Clifford Brown
Trumpet · born 30 October 1930 – died 26 June 1956
▸ Click for Richard Cook Bio
While other figures of the bop era had drugs as their tragedy, it was left to a car accident to terminate Brown's wonderful contribution to jazz, a cruelty which a half-century later still seems devastating. Born in Wilmington, Delaware, he began on trumpet at 13 and quickly developed a breathtaking facility on the horn. In Philadelphia jam sessions he was a sensation: Fats Navarro especially liked him. He was in a first car crash in 1950, which took him off the scene for a while, but was back in action by 1952 and began making records (with an R&B group led by Chris Powell). He joined Lionel Hampton's touring band in 1953 and went with them to Europe, where he made some informal recordings (away from Hamp's watchful eye). In February 1954 he was back in New York and with Art Blakey's new Jazz Messengers: their Birdland recordings on Blue Note are enthralling, as were the results of Brown's next and as it turned out final association, a quintet co-led with Max Roach, based in California. What Brown did was sew together the best qualities of the bop players who had preceded him – Gillespie's full-tilt ebullience, Navarro's big sound, Miles Davis's melodious appeal – and intensify them, in one forthright style. He could get all over the horn with incomparable fluency, his high range as easily covered as his middle and low, but this was amplified by his voluptuous sound and vibrato and the joyful assurance he seemed able to switch on without any warming-up passages. As a ballad player he might have been the best the trumpet could muster at that time, making even the promising Davis seem like a beginner, and Emarcy recorded him with strings and as an accompanist to Sarah Vaughan.
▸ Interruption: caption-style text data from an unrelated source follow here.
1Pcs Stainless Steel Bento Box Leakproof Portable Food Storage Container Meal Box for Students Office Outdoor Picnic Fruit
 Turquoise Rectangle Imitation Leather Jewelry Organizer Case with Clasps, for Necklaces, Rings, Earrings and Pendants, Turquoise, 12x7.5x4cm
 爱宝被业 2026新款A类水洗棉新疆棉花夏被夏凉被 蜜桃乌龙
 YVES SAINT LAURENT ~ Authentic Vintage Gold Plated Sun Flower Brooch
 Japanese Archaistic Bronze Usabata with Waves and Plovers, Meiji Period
Following his work through – luckily, he was extensively set down both in the studios and in live recordings in his brief heyday – he seems to get better and better as he goes on, his later live recordings almost unbelievably skilled and exciting. The final icing was his composing, which again had the marks of natural greatness: Joy Spring, Daahoud, Blues Walk and others have the easy stride of a writer who had music spilling out of him. But it all came to an abrupt end in June 1956, in a crash on a rainy Pennsylvania night, which also killed pianist Richie Powell and robbed jazz of one of its golden princes. Who can tell what he might have gone on to achieve?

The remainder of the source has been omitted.